Every line from the one containing "Sophie James: Big" through the end of the listing below must be given again exactly, and nothing else; exclude pictures.

┄┄┄┄┄┄┄┄┄┄┄┄┄┄┄┄┄┄┄┄

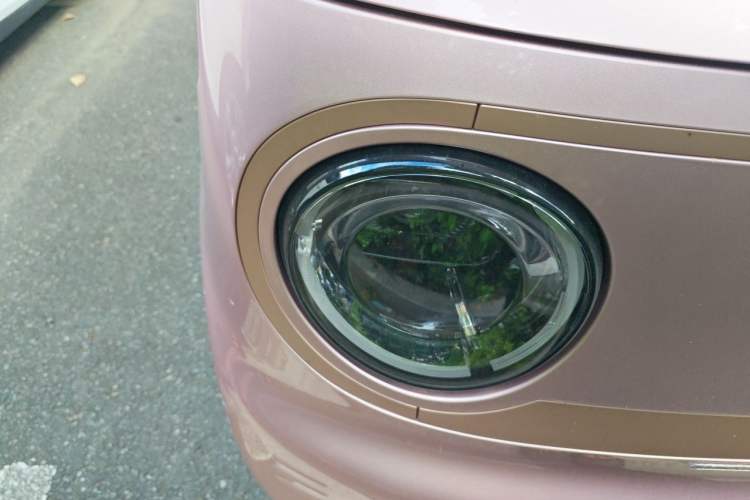 Used Geely Galaxy Panda 2024 Panda Mini 200km Endurance Bear Right Front Headlight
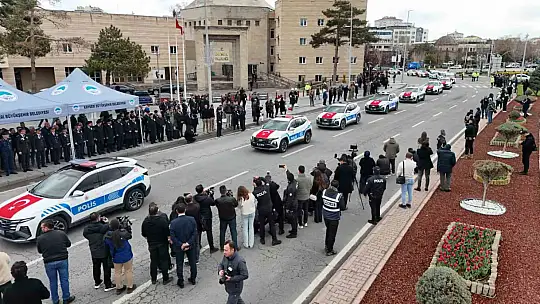 Polis haftasında Özel Harekat'tan nefes kesen gösteri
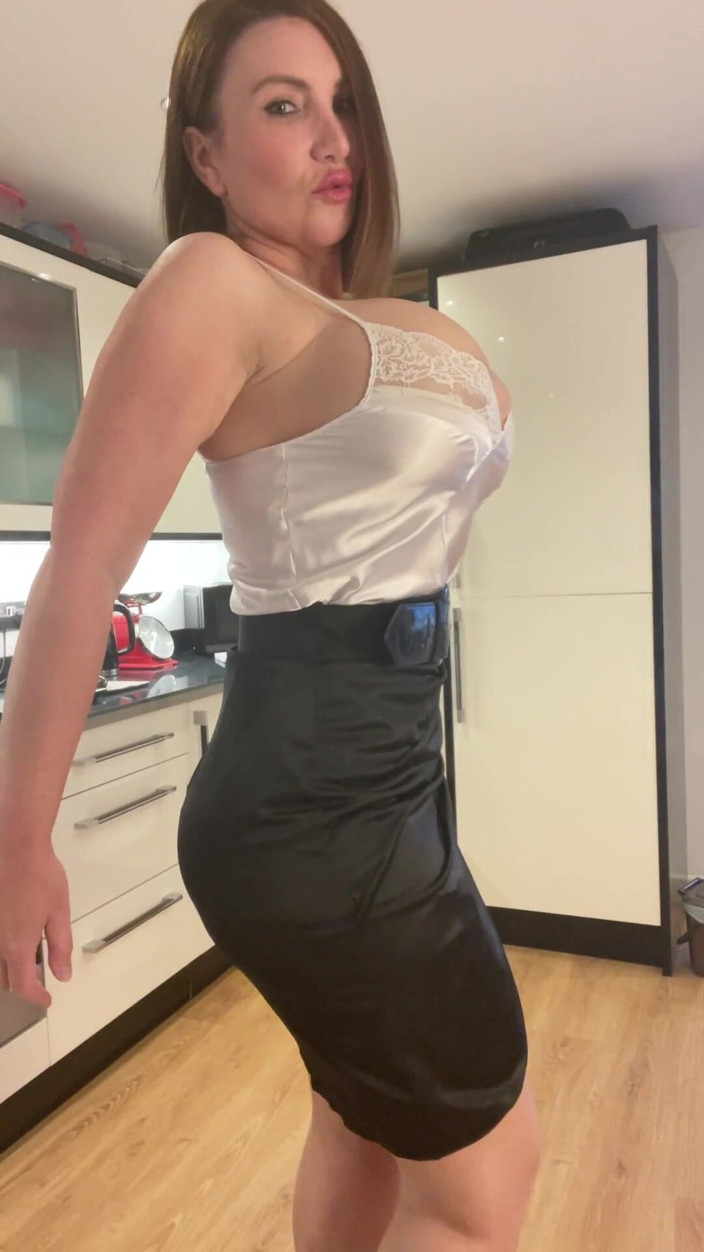 Sophie James: Big Breast Worship Satin, Nylons and High Heels Fetish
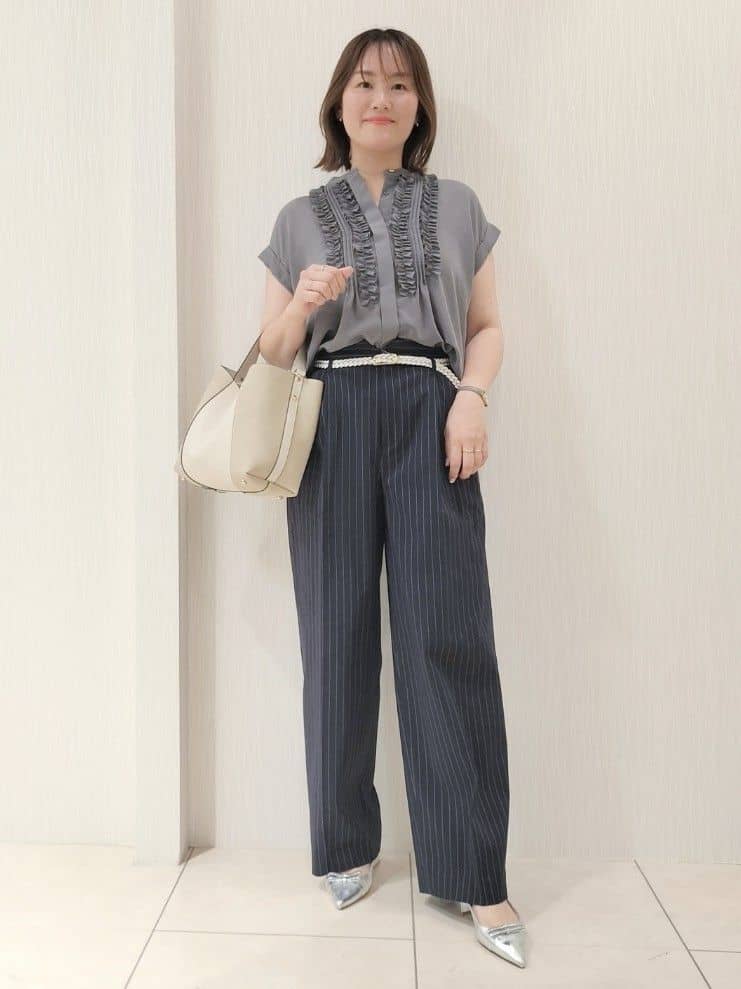 naokoさんの「UNTITLED｜◆【セットアップ可能／オンオフ】ラミー混 タックワイドパンツ」を使ったコーディネート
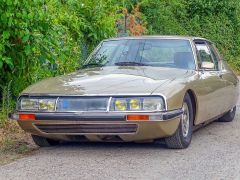 Louer une CITROËN SM de de 1971 (Photo 1)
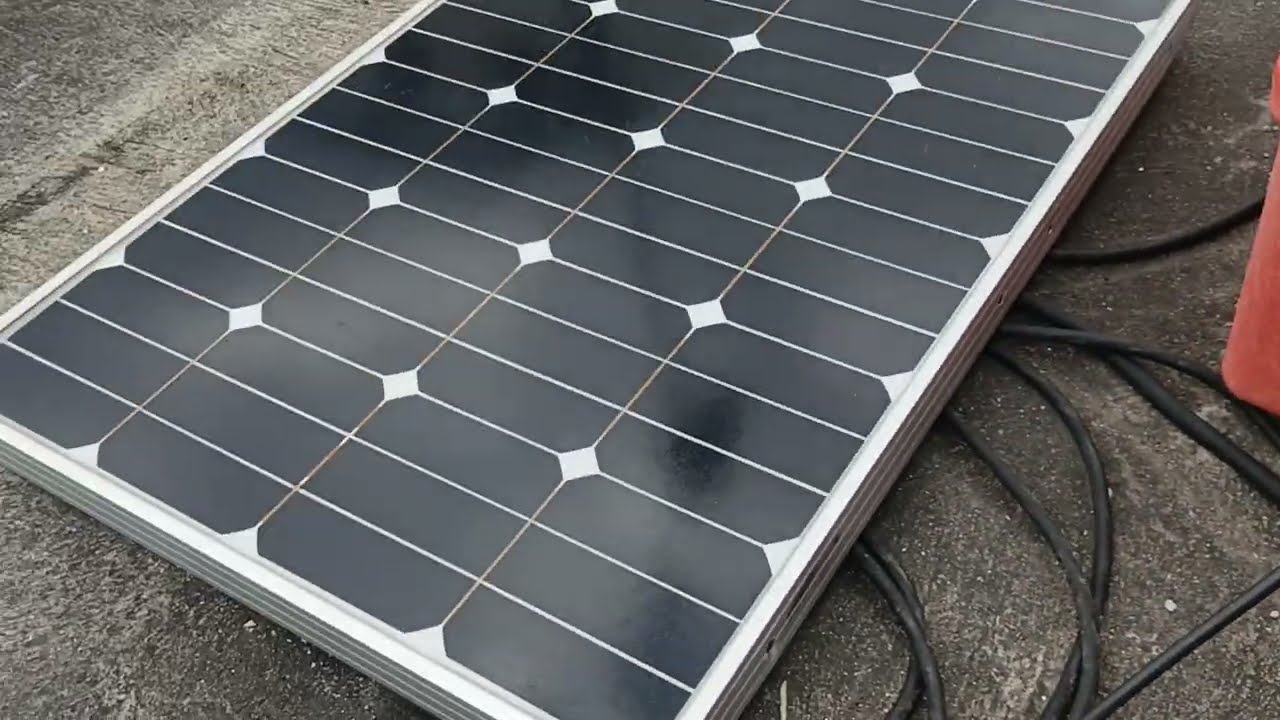Instalar un panel solar para conectar el router y luces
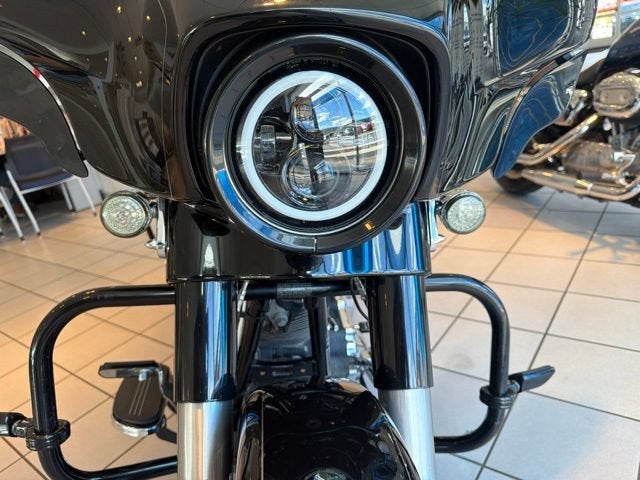 2015 HARLEY-DAVID FLHXS STREET GL Base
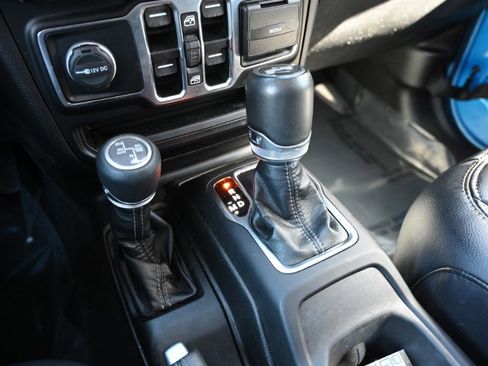 Used 2024 Jeep Wrangler Unlimited Sahara AWD/4WD image 32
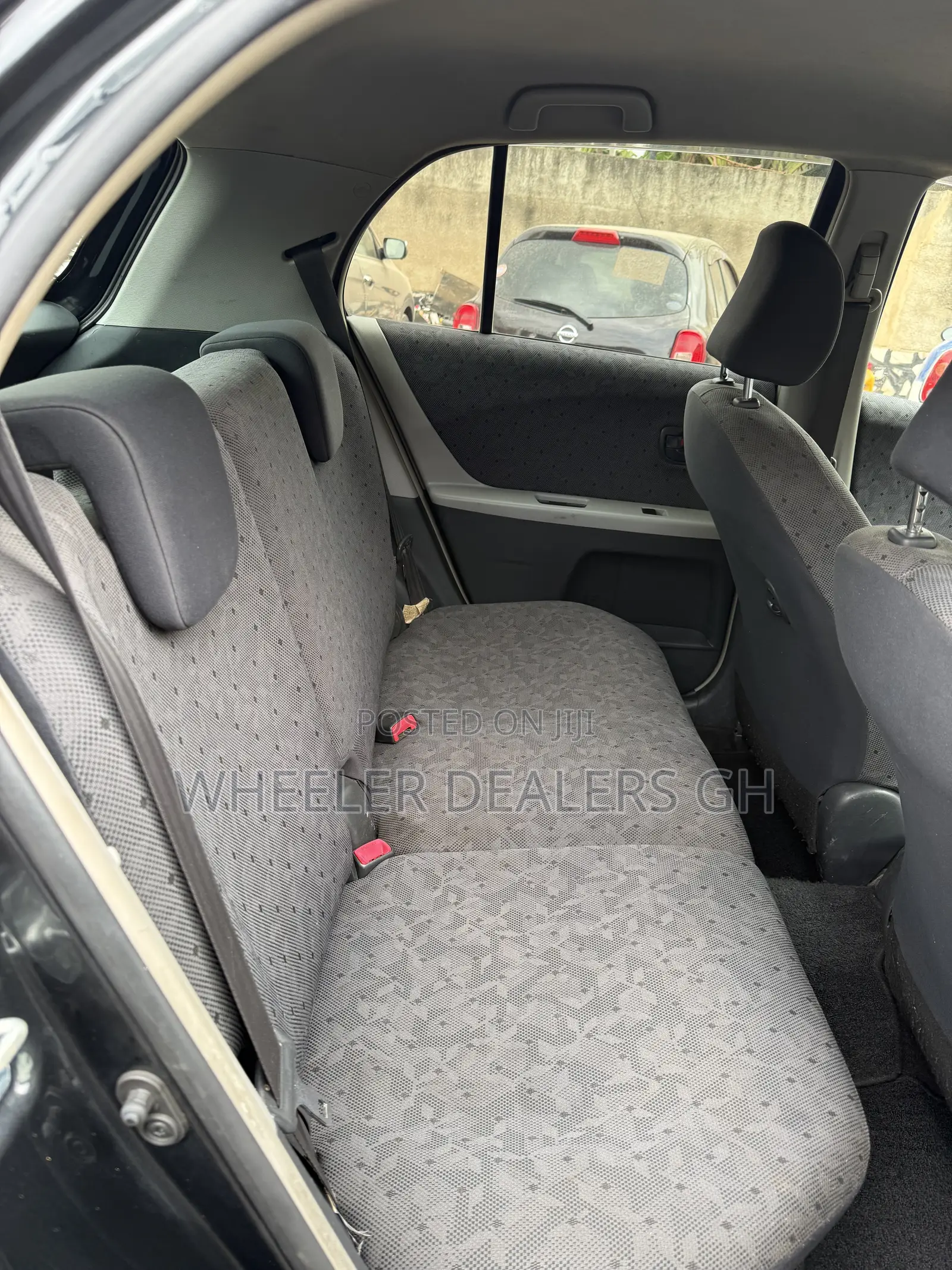 Toyota Vitz 1.3 AWD 5dr 2010 Black
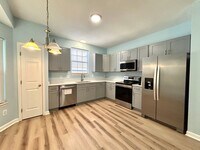 Building Photo - 5320 Cumberland Plain Dr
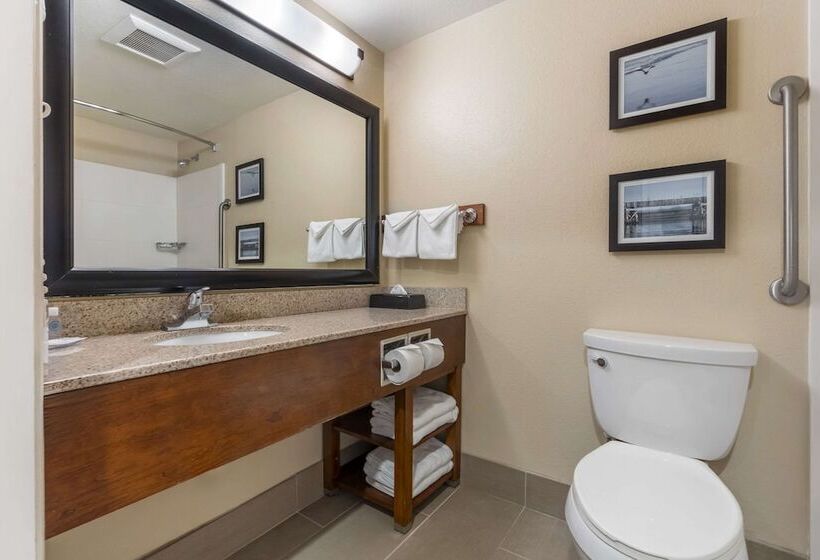 带2个双人床的标准工作室, Comfort Inn Arcata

┄┄┄┄┄┄┄┄┄┄┄┄┄┄┄┄┄┄┄┄

Answer for this exercise:
 Sophie James: Big Breast Worship Satin, Nylons and High Heels Fetish
 naokoさんの「UNTITLED｜◆【セットアップ可能／オンオフ】ラミー混 タックワイドパンツ」を使ったコーディネート
 Louer une CITROËN SM de de 1971 (Photo 1)
Instalar un panel solar para conectar el router y luces
 2015 HARLEY-DAVID FLHXS STREET GL Base
 Used 2024 Jeep Wrangler Unlimited Sahara AWD/4WD image 32
 Toyota Vitz 1.3 AWD 5dr 2010 Black
 Building Photo - 5320 Cumberland Plain Dr
 带2个双人床的标准工作室, Comfort Inn Arcata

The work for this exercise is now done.